[Dataset items]
▼

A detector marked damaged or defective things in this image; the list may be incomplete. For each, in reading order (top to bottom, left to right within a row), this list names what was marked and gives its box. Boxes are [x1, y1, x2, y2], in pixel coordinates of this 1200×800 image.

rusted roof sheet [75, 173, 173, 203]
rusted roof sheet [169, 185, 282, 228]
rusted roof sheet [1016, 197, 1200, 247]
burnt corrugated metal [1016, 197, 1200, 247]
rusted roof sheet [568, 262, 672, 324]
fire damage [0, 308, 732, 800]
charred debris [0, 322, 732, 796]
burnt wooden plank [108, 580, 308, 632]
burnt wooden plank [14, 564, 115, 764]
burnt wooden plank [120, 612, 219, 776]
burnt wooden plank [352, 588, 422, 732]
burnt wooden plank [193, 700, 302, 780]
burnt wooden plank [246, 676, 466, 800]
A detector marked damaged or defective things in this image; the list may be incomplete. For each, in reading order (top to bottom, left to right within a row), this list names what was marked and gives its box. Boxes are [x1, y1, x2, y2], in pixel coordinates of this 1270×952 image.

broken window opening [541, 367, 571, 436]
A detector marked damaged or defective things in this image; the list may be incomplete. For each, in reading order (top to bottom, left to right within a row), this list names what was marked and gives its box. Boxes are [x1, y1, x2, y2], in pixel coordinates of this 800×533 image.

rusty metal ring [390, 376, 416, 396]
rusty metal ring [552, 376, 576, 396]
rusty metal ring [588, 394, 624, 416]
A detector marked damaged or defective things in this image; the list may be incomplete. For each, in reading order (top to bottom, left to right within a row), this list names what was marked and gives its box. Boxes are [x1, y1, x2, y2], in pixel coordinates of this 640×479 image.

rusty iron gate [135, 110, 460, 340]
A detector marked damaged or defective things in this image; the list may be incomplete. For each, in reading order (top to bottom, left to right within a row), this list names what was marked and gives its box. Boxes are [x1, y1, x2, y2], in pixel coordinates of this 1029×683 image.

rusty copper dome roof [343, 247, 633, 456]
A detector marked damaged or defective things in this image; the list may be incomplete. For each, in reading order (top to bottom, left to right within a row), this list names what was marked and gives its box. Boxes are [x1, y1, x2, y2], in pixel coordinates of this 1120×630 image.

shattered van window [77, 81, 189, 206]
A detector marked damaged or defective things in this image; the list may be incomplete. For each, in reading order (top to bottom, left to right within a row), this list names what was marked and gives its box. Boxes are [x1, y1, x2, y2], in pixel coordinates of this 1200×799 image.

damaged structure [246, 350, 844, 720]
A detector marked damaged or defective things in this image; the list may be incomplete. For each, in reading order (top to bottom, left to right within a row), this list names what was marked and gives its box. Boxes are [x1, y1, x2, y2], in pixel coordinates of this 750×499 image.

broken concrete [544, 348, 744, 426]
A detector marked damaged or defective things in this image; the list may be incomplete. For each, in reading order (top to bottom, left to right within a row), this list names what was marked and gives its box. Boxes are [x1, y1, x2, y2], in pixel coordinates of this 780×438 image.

▲

An exact copy of the lines from the one with "this 750×499 image." to the final line of the entries is all that the answer should hold.

A detector marked damaged or defective things in this image; the list may be incomplete. For each, in reading order (top to bottom, left to right within a row), this list names what was marked and gives its box. Boxes are [x1, y1, x2, y2], in pixel coordinates of this 750×499 image.

broken concrete [544, 348, 744, 426]
A detector marked damaged or defective things in this image; the list may be incomplete. For each, in reading order (top to bottom, left to right within a row), this list names what was marked and gives its box. Boxes are [x1, y1, x2, y2], in pixel coordinates of this 780×438 image.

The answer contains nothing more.